And the only thing that we have right now here is that, how the demand behaves with
respect to time. So, the behaviour of demand with respect to time has been captured in
this data, and all data where the demand is given with respect to time, come under the
category of time series models or time series forecasting. So, this is an example of time
series data, where the behaviour of the demand with respect to time is provided.

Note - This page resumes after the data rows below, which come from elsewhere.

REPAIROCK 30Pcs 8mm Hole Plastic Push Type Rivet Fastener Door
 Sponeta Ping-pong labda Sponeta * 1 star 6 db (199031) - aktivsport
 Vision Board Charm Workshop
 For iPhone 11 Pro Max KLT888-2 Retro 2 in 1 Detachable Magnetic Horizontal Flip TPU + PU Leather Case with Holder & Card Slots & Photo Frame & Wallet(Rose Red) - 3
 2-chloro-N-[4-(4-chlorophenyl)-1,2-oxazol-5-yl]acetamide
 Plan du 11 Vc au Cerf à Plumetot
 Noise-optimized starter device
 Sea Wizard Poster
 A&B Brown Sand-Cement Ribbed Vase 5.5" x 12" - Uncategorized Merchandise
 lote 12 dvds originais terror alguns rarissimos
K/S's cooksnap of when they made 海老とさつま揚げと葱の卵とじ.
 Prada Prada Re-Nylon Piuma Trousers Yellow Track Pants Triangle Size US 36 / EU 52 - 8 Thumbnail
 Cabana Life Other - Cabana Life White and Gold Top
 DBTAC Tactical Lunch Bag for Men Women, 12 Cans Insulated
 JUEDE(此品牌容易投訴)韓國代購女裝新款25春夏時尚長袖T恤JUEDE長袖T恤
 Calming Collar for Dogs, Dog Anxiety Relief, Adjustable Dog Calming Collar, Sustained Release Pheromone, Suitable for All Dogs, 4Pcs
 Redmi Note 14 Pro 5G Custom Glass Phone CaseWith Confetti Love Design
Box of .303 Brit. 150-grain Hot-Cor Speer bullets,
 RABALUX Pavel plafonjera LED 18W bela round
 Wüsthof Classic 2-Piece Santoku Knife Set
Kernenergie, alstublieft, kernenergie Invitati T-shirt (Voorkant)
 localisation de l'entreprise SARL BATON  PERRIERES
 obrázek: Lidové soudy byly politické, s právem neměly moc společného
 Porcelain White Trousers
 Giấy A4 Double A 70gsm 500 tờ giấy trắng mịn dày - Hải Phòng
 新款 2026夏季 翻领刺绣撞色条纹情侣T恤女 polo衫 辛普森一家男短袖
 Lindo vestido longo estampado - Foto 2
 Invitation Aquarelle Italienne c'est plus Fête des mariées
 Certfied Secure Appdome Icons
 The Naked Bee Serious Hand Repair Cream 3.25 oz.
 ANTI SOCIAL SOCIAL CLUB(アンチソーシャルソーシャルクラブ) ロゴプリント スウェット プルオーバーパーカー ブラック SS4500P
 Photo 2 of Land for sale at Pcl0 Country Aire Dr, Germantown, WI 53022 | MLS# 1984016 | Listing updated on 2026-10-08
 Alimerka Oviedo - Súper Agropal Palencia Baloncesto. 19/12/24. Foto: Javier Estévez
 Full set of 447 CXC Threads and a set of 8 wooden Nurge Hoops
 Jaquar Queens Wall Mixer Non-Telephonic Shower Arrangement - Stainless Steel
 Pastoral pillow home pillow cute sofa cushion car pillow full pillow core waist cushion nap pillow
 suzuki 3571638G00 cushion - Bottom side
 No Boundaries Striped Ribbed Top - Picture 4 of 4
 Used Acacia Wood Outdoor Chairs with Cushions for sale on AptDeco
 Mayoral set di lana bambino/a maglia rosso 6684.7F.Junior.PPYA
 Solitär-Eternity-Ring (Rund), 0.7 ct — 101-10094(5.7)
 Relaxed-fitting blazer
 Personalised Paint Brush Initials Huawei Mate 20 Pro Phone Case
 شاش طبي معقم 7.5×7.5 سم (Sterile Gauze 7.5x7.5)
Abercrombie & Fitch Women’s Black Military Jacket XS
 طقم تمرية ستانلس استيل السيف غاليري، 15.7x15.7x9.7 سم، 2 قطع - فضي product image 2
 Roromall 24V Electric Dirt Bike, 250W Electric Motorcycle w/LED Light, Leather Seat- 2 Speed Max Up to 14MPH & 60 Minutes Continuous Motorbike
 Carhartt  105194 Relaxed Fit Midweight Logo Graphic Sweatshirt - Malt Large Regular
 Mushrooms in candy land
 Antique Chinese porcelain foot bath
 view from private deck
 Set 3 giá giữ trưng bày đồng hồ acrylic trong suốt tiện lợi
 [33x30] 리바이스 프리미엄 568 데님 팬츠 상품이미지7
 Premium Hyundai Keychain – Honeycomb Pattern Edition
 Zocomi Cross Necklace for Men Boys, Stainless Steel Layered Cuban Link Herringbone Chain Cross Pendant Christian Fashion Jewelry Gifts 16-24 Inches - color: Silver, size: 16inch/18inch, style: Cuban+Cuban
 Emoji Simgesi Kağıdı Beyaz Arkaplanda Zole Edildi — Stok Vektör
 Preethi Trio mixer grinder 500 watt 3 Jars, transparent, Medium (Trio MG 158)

Now, when we start looking at this F is equal to 30, now here the person, who said F is
equal to 30, assumes that there is a relationship, there is some other factor which is influencing the forecast. And that factor could be the buying power of the people and so on, models were other factors influence the forecast are called causal models, where there is a
cause and effect relationship between the forecasted variable, which is the independent, which is the dependent variable, and the causal variable which becomes the independent variable. So, even though this is a reasonable value the thinking process behind this value comes from the assumption, that there are other factors. And that leads to other type of forecasting models. Right now in this lecture, we are restricting ourselves to time series forecasting. And much later we will see a couple of models for causal forecasting, so that is how one
can explain this other factors, now there are two other answers which need an explanation. Now, both of them are centred around the belief that this data is not stable and in fact this
data shows a certain increase or decrease, which essentially means that in both these
instances the person believes that there is a trend. And here also there is a trend, the
rest of them based on averages do not believe that there is a trend. So, once again time
series models have different classifications, now the first ones are called only level models or constant models, which for example, was the assumption when somebody made this forecast, and somebody made this forecast, and somebody made this forecast this forecast.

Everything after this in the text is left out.